The Tragedy of Being a Girl in India
It is said that India is the ‘most dangerous country in the world in which to be a girl’. A controversial United Nations finding based on a range of distressing social statistics rooted in gender and caste prejudice, much of which can be traced back to 18th century colonialism and the destructive ‘divide and rule’ methodology employed by the British.

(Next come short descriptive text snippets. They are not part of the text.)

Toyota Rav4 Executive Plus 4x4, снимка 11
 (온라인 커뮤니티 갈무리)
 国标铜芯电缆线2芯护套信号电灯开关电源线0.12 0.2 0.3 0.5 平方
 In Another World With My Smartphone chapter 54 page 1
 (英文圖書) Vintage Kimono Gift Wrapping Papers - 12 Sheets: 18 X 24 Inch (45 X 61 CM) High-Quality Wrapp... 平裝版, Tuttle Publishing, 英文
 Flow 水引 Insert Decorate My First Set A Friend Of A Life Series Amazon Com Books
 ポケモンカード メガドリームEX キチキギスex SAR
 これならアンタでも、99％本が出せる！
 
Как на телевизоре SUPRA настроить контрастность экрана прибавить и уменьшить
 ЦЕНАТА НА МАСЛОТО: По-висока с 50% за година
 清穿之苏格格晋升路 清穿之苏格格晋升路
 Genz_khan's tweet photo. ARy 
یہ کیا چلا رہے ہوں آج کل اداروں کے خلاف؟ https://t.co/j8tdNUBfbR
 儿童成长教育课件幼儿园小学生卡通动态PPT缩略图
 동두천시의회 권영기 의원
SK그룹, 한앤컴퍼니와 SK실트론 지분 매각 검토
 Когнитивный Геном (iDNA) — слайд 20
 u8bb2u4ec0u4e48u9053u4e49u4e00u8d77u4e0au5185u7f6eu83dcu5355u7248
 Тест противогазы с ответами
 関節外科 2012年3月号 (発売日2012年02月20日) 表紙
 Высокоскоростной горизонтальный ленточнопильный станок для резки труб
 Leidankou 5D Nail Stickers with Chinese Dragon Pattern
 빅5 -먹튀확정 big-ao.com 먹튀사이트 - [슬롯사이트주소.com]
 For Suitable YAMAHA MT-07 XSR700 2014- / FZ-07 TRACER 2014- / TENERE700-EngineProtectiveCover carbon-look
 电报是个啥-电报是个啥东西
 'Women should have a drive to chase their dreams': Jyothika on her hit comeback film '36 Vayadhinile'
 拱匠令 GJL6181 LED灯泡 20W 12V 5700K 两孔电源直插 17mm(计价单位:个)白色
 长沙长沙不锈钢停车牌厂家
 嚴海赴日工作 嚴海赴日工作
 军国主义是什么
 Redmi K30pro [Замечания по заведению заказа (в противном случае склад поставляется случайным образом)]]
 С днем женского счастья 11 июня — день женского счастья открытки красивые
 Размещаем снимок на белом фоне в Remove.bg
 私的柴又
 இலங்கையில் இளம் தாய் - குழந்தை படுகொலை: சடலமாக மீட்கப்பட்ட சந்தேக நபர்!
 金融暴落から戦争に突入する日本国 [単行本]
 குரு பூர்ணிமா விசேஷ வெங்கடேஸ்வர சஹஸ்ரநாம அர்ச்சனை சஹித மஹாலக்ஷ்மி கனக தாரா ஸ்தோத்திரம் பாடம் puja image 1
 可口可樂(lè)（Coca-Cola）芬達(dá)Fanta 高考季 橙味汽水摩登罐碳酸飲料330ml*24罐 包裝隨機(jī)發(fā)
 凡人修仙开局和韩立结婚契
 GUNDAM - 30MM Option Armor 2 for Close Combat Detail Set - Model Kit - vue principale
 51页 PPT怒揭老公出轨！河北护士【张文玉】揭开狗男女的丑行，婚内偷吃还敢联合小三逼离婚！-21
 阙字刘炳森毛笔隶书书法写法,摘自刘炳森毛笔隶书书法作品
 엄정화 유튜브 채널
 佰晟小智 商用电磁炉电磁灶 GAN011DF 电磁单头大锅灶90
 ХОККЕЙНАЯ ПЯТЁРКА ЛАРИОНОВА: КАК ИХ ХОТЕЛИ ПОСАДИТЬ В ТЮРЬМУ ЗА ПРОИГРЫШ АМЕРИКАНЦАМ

Throughout the country and up and down the class-caste ladder the joy of parenthood is conditioned by the gender of the child. If a boy is born, delight amongst the family; if it’s a girl, anxiety and disappointment. The sole reason for this is economic; when girls marry (around 70% of marriages are still arranged in India), the family of the bride is expected to pay a sum of money to the groom’s family – whether they can afford it or not. This is the infamous dowry system, a corrupted illegal method of financial exploitation and violence that, like much else in this extraordinary country, is sanctified by the waters of tradition and culture (a manipulated term often employed to maintain prejudicial social conditioning and resist change), which was banned by the Indian government in 1961. And yet, like so many liberal legislative statements of intent, the system continues unabated. ‘The Dowry Prohibition Act’ which makes clear that anyone giving or receiving a dowry faces five years in prison and a hefty fine, remains unenforced. In 1986 an amendment was added stating that any death of or violence to a wife within the first seven years of marriage would be treated as dowry violence. Indifference, apathy and corruption dog all areas of the many and varied government departments and offices; people have no faith in the police or the judicial system, resulting in the vast majority of dowry crimes, as with all crimes against women, going unreported.
Corrupt Colonial roots
When the British were enthroned in India they enacted various rules to control and divide the people. Two of these legislative tools of repression sit at the poisonous root of the dowry system and gender abuse more widely. In 1793 The British Governor General, Lord Cornwallis introduced ‘The Permanent Settlement of Bengal’, one law of many known collectively as the Cornwallis Code. In the affected states it provided a means of collecting revenue and enabled in many cases for the first time the private ownership and commodification of land (“Notionally, the land belonged to the king and no one could be evicted from it, states Veena Talwar Oldenburg in Dowry Murder: The Imperial Origins of a Cultural Crime), which the British hoped would encourage good husbandry amongst landlords and strengthen the perilous agrarian economy. However, social division was reinforced, peasants who were at the mercy of landlords were ill-treated and exploited, land ownership became hereditary and therefore exclusive, the payment of tax mandatory, irrespective of feast or famine. Before this unjust law, the nations rulers would allow 10% tax revenue to be retained by the village official (Panchayat) who would use the money for the benefit of the villagers. The village “functioned on a system of reciprocity which operated like a social glue. After this changeover [imposed by Britain], a brother was no longer willing to share with a brother.” Divide and rule!
At the same time, British shortsightedness, greed and societal ignorance allowed a law to be introduced prohibiting women to own land and property. Giving men exclusive land and property rights as well as responsibility for tax/revenue collection created acute gender imbalance, marginalized women and set the Indian male up as the dominant legal and indeed social subject, creating the patriarchal country we see today.
This was the hammer-blow for women. In pre-colonial times they had been partners in landholding arrangements and – as perhaps one might expect – were the ones who chose their husband, received and kept the dowry payments – described “in the 1870s as a collection of voluntary gifts comprising clothes, jewellery, household goods and cash bestowed on the bride by family and friends at the time of the girl’s wedding.” This provided financial independence for women as well as a greater degree of social equality. With the changes in property rights, girls and women – future wives – were seen by men and their families as potential income; greed and social division was created; boys became a financial asset, girls an economic liability. “The newly enhanced worth of sons saw families demanding cash, jewellery or expensive consumer durables and the situation has steadily worsened,“ Veena Talwar makes clear.